(739d) A Quantitative Theory of Adsorptive Separation for the Electronic Sorting of Single-Walled Carbon Nanotubes

High surface area adsorbents, including amide baring surfaces, allow for separation of single walled carbon nanotubes (SWNT) through selective adsorption and desorption of different (n,m) chiral indices.  The mechanistic dependence on surfactant concentration and a full quantitative model of the elution order have not yet been developed.
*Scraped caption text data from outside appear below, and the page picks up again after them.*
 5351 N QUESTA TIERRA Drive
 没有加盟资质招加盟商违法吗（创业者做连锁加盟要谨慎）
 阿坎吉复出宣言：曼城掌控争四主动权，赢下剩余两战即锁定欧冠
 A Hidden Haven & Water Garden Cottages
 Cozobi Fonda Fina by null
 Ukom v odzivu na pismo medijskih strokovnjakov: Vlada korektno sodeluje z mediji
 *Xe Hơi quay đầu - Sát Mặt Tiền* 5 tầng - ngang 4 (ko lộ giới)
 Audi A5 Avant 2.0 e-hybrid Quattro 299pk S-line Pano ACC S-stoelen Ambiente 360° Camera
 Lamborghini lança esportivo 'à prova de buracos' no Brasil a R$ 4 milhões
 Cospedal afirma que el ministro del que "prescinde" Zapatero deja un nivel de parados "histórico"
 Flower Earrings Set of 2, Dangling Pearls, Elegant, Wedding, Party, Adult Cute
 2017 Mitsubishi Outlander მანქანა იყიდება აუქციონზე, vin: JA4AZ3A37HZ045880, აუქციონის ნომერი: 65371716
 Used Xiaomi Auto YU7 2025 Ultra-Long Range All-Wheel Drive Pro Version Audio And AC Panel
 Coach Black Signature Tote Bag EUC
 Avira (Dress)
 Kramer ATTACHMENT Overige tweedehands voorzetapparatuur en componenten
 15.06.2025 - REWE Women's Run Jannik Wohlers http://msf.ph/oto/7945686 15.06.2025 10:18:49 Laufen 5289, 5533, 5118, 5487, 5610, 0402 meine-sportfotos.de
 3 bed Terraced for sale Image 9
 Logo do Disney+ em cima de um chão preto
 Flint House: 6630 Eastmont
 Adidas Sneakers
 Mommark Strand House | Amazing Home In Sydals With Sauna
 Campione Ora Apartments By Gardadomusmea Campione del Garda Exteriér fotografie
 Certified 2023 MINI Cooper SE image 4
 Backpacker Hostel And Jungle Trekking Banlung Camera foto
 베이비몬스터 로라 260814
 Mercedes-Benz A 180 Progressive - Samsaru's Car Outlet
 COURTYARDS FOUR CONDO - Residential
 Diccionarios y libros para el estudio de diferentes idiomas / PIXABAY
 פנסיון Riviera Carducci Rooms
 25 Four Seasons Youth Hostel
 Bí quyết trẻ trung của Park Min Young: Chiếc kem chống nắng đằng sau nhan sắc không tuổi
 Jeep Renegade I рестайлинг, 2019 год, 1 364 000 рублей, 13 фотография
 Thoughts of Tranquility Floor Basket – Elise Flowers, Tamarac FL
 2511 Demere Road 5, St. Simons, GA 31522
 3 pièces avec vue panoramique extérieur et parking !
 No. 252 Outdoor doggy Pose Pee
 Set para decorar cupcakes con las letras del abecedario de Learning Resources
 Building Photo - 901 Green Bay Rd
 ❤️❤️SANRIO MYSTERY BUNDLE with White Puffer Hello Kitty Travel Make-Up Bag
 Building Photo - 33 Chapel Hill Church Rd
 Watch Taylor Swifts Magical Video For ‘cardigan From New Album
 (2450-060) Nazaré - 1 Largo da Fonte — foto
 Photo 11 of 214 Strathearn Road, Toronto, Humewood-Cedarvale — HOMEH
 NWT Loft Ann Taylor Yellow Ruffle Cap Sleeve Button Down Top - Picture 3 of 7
We develop a quantitative theory that describes the separation order and find kinetic rate constants of each SWNT chirality (n,m) based on the surfactant-induced, areal charge density, which ranges from 0.41 e^-/nm for (7,3) in 17mM sodium dodecyl sulfate (SDS) to 3.32 e^-/nm for (6,5) in 105mM SDS.  Adsorption onto the amide baring support is balanced by short distance hard-surface and long distance electrostatic repulsive SWNT/substrate forces, the latter of which we postulate is strongly dependent on surfactant concentration and ultimately leads to gel-based single-chirality semiconducting SWNT separation.  These molecular-scale properties are utilized to derive bulk-phase, forward adsorption rate constants for each SWNT chirality.  The resulting theory quantitatively describes the experimental elution profiles of 15 unique SWNT chiralities as a function of anionic surfactant concentration between 17 and 105mM, as well as phenomenological observations of the impact of varying preparatory conditions such as extent of ultrasonication and ultracentrifugation.  SWNT elution order and separation efficiency are primarily driven by the morphological change of SDS surfactant wrapping on the surface of the nanotube, mediated by SWNT chirality and the ionic strength of the surrounding medium.   This work provides a foundational understanding for high purity, preparative scale separation of as-produced SWNT mixtures into isolated, single-chirality fractions.